My primary concerns arise when I examine Figure 7. I'm curious about the methodology behind calculating the conservation and quality metric. It seems that these scores are derived solely from the provided sequences, such as the six sequences for T1093-D1. Consequently, I question the significance of these metrics.
One could argue that it's possible to achieve high scores for conservation, quality, or other metrics by simply inspecting the original MSA, identifying the region with the highest conservation metric, and selecting it as a segment. This segment could then be augmented by inserting arbitrary amino acids at random positions occasionally. Such a process could potentially yield perfect conservation scores, quality scores, and so on.
This concern also ties into my second question: What would the pLDDT score be if I were to employ the aforementioned approach to augment the original MSA?
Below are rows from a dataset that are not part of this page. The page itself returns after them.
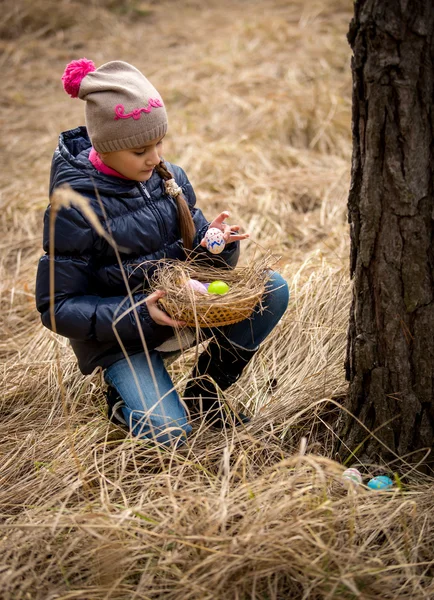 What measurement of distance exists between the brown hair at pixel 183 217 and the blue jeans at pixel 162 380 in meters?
0.32

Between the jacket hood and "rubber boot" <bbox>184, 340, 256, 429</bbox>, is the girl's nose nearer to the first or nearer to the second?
the jacket hood

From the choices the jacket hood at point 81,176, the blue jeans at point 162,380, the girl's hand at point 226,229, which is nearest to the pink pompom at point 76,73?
the jacket hood at point 81,176

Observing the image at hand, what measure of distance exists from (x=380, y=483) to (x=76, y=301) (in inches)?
43.6

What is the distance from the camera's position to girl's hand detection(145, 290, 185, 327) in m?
1.99

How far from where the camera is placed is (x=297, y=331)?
2.71 m

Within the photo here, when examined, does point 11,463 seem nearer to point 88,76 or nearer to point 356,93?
point 88,76

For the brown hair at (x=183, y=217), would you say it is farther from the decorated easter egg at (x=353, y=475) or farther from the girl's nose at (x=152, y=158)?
the decorated easter egg at (x=353, y=475)

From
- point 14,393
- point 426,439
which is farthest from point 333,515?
point 14,393

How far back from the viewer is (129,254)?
218cm

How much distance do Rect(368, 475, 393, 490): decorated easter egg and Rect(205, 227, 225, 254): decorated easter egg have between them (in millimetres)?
912

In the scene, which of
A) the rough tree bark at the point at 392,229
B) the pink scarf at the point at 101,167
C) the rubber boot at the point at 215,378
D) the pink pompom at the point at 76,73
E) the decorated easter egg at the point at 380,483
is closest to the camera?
the rough tree bark at the point at 392,229

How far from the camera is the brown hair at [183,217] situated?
2219mm

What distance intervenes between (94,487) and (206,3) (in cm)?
880

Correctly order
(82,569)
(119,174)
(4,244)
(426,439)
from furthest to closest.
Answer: (4,244) → (119,174) → (426,439) → (82,569)
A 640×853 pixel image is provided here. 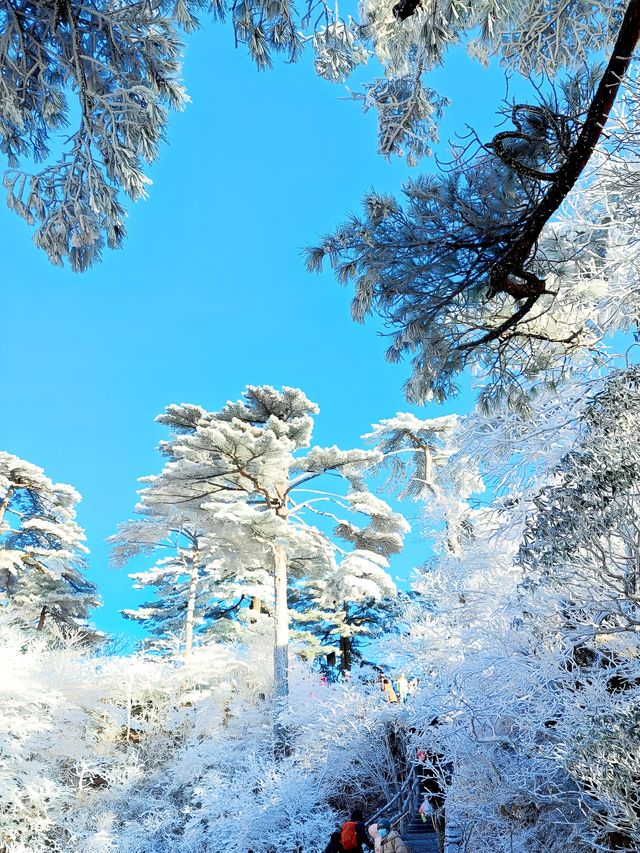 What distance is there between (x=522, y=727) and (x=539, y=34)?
5432mm

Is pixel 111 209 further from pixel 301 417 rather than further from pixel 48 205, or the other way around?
pixel 301 417

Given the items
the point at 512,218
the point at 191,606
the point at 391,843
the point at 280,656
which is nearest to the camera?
the point at 512,218

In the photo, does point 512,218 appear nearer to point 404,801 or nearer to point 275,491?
point 404,801

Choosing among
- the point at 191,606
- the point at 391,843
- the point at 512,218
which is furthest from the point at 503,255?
the point at 191,606

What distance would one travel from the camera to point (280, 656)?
12023 millimetres

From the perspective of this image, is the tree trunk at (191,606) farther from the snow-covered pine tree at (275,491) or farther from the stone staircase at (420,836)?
the stone staircase at (420,836)

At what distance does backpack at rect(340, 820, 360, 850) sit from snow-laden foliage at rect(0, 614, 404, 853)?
2.34 metres

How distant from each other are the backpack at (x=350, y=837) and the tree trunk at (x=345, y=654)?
14080 millimetres

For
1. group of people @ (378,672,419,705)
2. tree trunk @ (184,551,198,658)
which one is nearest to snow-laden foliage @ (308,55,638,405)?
group of people @ (378,672,419,705)

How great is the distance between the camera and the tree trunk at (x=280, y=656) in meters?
11.0

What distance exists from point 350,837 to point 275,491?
27.8ft

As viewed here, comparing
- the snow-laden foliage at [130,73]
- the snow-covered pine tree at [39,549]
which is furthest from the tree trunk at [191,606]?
the snow-laden foliage at [130,73]

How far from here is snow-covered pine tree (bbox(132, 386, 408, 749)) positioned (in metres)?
12.4

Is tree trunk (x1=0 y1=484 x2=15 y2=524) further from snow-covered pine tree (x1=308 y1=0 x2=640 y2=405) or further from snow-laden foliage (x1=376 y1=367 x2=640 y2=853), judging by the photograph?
snow-covered pine tree (x1=308 y1=0 x2=640 y2=405) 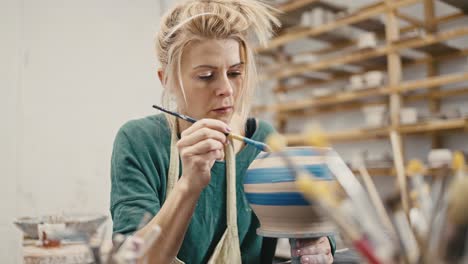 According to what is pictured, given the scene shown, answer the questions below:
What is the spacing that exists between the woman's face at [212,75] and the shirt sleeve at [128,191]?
208 millimetres

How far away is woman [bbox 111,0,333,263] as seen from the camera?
89 centimetres

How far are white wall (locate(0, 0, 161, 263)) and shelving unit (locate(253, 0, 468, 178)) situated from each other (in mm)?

In Section 4.5, the authors make a comparison with Iterative Unmask; however, they do not provide a comparison of the pLDDT scores using this baseline method. Additionally, there is some ambiguity regarding the dataset used for the analysis. It remains unclear which sets of sequences were used by the authors to construct the Position-Specific Scoring Matrix (PSSM) and what the correlation coefficients are when employing Iterative Unmask.
问题
Please refer to the above section.
Answer 1
We appreciate the reviewer's suggestions and will include them in our revision. Our work differs from the VAE-based methods mentioned in key ways:
- Our method is tailored for MSA generation, emphasizing unsupervised generative pretraining for zero-shot downstream tasks. This is a capability not present in the cited VAE-based methods, which demonstrate a limited capacity in producing effective sequences across diverse domains.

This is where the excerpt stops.